The ‘easy, intoxicating fervor’ of virtue signaling

Whenever you feel tempted to take potshots at students for their antics against speakers like libertarian scholar Charles Murray (a constant struggle), keep in mind that they probably learned it from a supposed authority figure.

New York Times columnist Frank Bruni makes this point in his latest column about the “intellectual impoverishment” that led Middlebury College students to shout down and physically threaten Murray and his faculty sponsor:

I worry that in too many instances, the groves of academe are better at pumping their denizens full of an easy, intoxicating fervor than at preparing them for constructive engagement in a society that won’t echo their convictions the way their campuses do.

Off campus in the halls of power, that “easy, intoxicating fervor” is the motivation behind state lawmakers’ attempts to punish their less enlightened colleagues in other states.

MORE: Professor put in a neck brace for protecting Charles Murray

A California law took effect this year that prevents state employees – public university professors included – from taxpayer-funded travel to states with laws that purportedly discriminate against sexual and gender minorities (North Carolina, Kansas, Mississippi and Tennessee).

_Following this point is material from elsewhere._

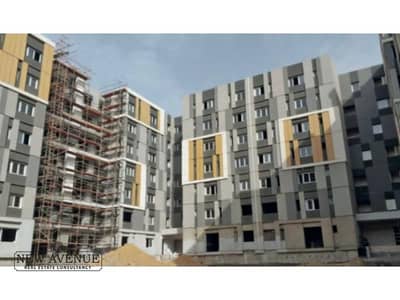 Apartment with Downpayment in Haptown Hassan allam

When the bill was signed into law last fall, The Sacramento Bee noted the problems it could cause for California college sports teams.

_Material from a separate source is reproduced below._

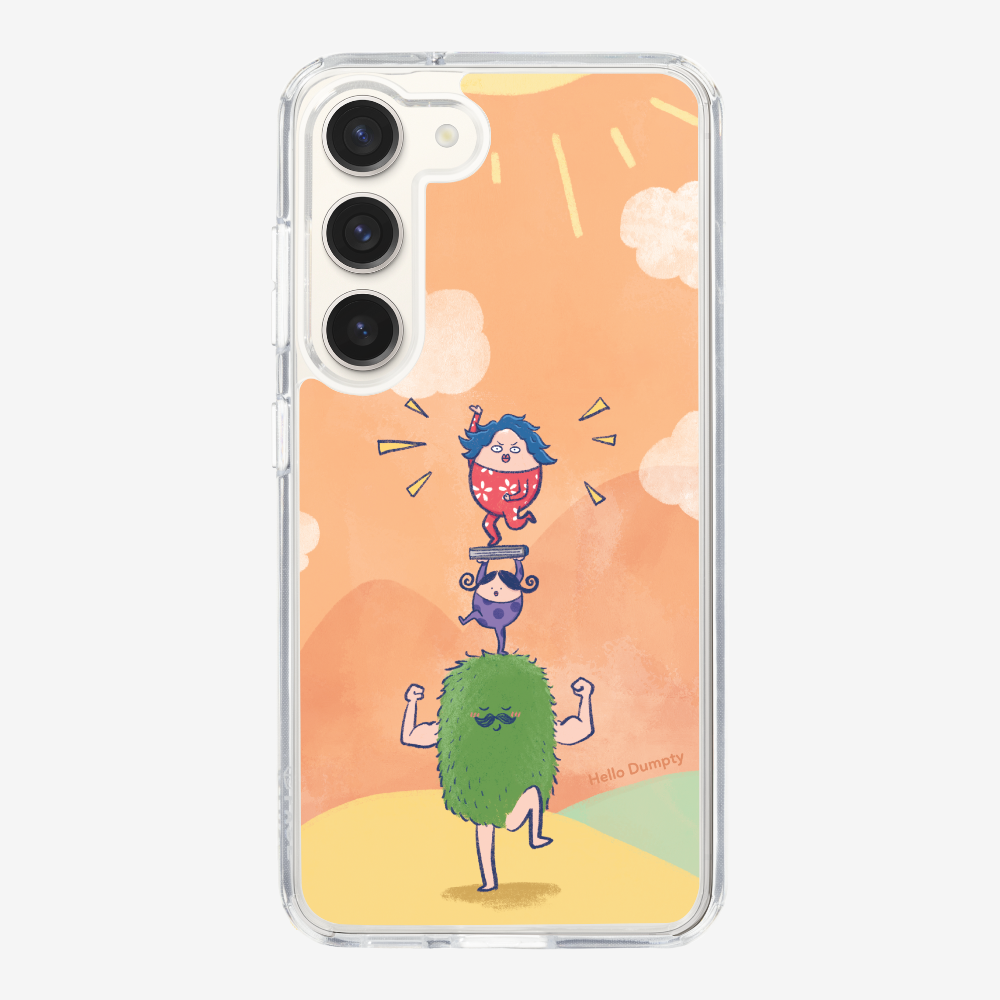 Standup Phone Case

But as Daily Bruin columnist Abhishek Shetty argues, the bill is actively harming California’s own employees – not to mention academic freedom – in its sloppy bid to exact economic revenge on socially conservative states:

A UCLA professor is on the brink of finishing a seminal paper, but needs to meet one last time with a professor from the University of Kansas. But California won’t let him go, just so they can send a message to Kansas Gov. Sam Brownback.

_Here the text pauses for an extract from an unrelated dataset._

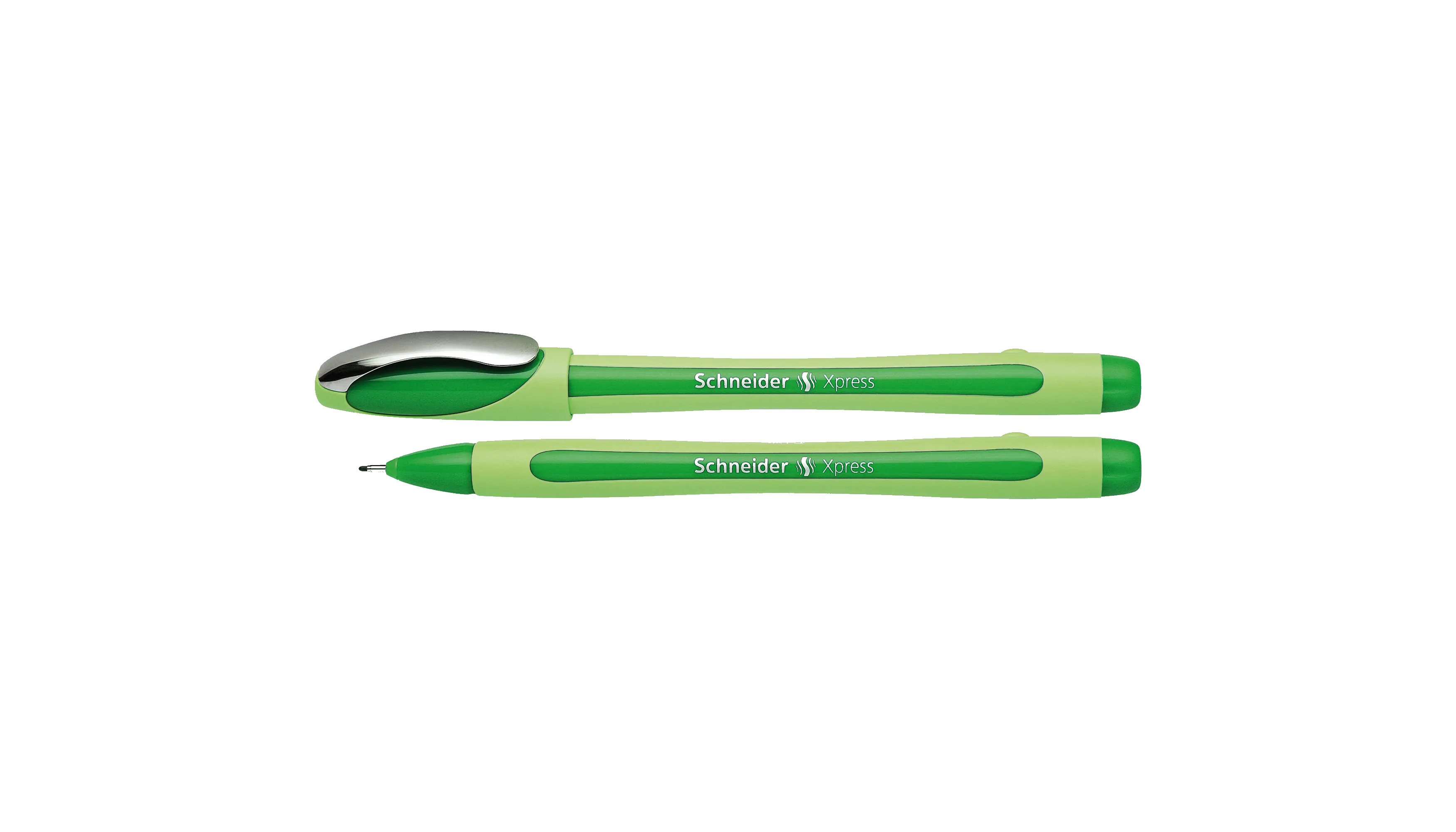 SCHNEIDER Fineliner Xpress grün 0,8 mm grün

MORE: Accept transgenderism or pay the price, Calif. Christian colleges told

While the California travel ban’s aim is to force other states to adopt California’s progressive sexual values, it’s actually preventing academics across state lines from collaborating together, “an otherwise common occurrence” in a university setting, says Shetty:

Jennie Brand, a UCLA sociology professor, said the ban might affect her future plans. Brand said that she was considering visiting a professor at the University of North Carolina at Chapel Hill, with whom she is collaborating. However, under AB-1887, the university may not be able to fund such travel through its departmental funds. …

What’s more, the universities at the blacklisted states hold conferences that can be crucial for the exchange of new ideas. For example, UNC-Chapel Hill holds the Water and Health Conference, which researchers from UCLA’s Luskin Center for Innovation attended last year to present on the link between water quality misperception and adverse health. If researchers wanted to attend the conference again in the future, they might not receive funding from the university to cover the trip.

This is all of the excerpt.